Dollar Tree Tape Measure Antenna
I promise I'm not at the Dollar Tree buying stuff all the time. Mostly I use them to purchase balloons or streamers for birthday parties. But when I am there, I always check to see if I can find anything to make an antenna with. This last time I was there, I noticed that they had 25' tape measures. I picked up two and added them to my purchase.
The idea for a tape measure dipole isn't novel. Heck, it's not even that creative, really. It's a dipole after all, the type of antenna that we should all be making more frequently. One nice tape measure dipole build can be found here:
Of course, the version above was made to last, with durable components nicely arranged. It set them back $26 just for the tape measures--that's $38.34 in 2024 dollars, for those of you who care about inflation. Add in the really nice aluminum channels, the fasteners and everything else, and you're looking at a DIY dipole that would cost more than $60 easily.
The one thing I'm not overly fond of in their design is the connection between the SO-239 and the tapes. While it may work electrically, it just doesn't seem as sturdy as the rest of the build. The issue, of course, is that they set their tape measures in the center, rather than at the ends (is that better? Will it change the signal to do it that way vs. having the unused tape at the ends? I have no idea, email me if you know!). This meant they didn't have a lot of options.
For my build, I decided to connect to the ends of the tape measures, and have them pull out from the center. This allows a more sturdy connection, as you'll see. I had everything on-hand but the tape measures. The part used were:
- 2x Dollar Tree tape measures ($2.50 total)
- a SO-239 connector (~$1.00)
- two bits of stranded 14AWG wired (practically free)
- a couple connectors, a nut and bolt, solder (pennies, really)

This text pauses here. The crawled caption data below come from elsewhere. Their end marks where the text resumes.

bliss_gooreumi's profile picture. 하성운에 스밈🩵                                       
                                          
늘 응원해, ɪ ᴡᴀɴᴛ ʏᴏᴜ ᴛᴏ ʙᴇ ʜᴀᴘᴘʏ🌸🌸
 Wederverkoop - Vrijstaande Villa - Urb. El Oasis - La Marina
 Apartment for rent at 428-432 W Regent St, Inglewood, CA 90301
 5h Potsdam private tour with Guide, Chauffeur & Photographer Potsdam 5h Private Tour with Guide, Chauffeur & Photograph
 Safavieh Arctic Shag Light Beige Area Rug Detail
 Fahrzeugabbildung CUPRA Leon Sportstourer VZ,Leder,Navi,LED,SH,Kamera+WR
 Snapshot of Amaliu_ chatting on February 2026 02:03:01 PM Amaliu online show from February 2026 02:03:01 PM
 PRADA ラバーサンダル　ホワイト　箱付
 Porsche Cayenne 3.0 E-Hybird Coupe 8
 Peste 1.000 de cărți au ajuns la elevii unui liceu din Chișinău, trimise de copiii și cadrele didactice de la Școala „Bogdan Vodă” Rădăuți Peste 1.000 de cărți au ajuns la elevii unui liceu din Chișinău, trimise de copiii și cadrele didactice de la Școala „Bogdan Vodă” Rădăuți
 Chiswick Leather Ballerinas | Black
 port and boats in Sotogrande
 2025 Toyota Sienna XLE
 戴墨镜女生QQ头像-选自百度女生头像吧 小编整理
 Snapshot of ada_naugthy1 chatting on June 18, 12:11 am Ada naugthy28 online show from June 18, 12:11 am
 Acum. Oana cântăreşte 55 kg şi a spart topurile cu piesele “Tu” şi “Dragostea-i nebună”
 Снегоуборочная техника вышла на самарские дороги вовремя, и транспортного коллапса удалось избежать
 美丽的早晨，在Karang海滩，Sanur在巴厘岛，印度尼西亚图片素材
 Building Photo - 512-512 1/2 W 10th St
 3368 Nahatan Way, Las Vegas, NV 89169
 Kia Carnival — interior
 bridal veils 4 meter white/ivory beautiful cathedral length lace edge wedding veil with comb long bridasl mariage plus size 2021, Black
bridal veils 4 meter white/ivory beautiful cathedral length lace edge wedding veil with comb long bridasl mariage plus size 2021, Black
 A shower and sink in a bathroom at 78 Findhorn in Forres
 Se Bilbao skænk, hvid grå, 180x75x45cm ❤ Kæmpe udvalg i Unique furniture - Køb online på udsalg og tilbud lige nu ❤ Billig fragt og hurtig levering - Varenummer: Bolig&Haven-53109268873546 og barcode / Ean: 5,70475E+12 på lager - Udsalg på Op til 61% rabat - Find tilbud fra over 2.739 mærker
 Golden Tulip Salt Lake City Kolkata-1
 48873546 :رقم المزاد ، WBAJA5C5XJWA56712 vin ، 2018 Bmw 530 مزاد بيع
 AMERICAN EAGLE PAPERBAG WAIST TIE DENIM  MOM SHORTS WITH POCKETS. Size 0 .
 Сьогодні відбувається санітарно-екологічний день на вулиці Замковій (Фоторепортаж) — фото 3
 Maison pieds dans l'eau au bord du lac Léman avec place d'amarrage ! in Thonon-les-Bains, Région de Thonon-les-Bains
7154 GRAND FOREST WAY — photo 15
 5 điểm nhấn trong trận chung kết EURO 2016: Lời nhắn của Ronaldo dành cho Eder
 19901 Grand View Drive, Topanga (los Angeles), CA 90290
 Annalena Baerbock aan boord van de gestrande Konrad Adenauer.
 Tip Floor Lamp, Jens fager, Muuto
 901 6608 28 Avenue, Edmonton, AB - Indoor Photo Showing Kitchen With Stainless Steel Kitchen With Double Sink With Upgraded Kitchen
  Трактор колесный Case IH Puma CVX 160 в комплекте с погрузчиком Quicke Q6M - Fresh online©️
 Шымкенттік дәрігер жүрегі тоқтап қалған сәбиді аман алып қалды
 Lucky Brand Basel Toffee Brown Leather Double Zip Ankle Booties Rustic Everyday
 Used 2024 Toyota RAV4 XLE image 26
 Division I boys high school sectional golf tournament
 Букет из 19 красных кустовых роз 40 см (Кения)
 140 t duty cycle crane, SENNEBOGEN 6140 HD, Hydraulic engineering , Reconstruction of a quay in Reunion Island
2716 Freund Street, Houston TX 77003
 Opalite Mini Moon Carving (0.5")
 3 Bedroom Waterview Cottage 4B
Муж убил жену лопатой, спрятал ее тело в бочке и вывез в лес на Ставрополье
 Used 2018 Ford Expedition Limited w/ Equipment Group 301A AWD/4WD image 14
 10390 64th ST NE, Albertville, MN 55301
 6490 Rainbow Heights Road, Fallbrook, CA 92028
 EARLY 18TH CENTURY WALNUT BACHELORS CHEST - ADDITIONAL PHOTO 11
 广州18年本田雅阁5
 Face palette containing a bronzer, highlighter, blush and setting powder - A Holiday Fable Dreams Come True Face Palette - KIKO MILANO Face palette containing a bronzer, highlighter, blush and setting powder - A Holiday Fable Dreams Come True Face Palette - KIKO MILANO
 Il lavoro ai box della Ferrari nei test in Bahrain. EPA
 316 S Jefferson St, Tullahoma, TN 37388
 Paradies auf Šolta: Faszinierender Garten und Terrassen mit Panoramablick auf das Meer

The whole thing went together in a matter of minutes. The process was:
- Measure and snip the ends, then bend snipped portion up, to create tabs/terminals for connecting the wires.
- File off the paint and solder the rivets holding the end on the tape measure (we want a good connection).
- Solder up the wire bits and SO-239 connector.
- Attach everything up--done.
This thing deployed in about two minutes, under the eave of my house. Granted, I already have a dipole there, so I had a place to hang this one ready to go. The tape measures have fabric straps built-in, which I used to hang on the hooks. It was pretty handy, of course, to be able to measure out the legs with... the legs themselves. The SO-239 has some spare holes around the edges that I could have used to relieve stress from the quick-disconnect tabs, but I didn't bother. They were on there real tight, and held up to the strain fine while I was testing
I set my legs both at about 16'5". My G90 (which I believe will tune 10:1) was able to tune that on 20m, 30m, and 40m without a problem. Seriously, if you've not used a G90's tuner, don't start, it'll ruin you for all other internal tuners. It was about noon, so bands weren't excellent. I transmitted 12w on 20m and 30m, and 6w on 40m, with the results you see in the photo up top.
For the time and effort involved, this thing beats the pants off my Dollar Tree broomstick antenna. Of course, it takes a lot more space than the broomstick vertical. The Dollar Tree tape measures are what you'd expect, and I wouldn't plan on them lasting very long. All things considered, this was fun and fast DIY to do and the results were great!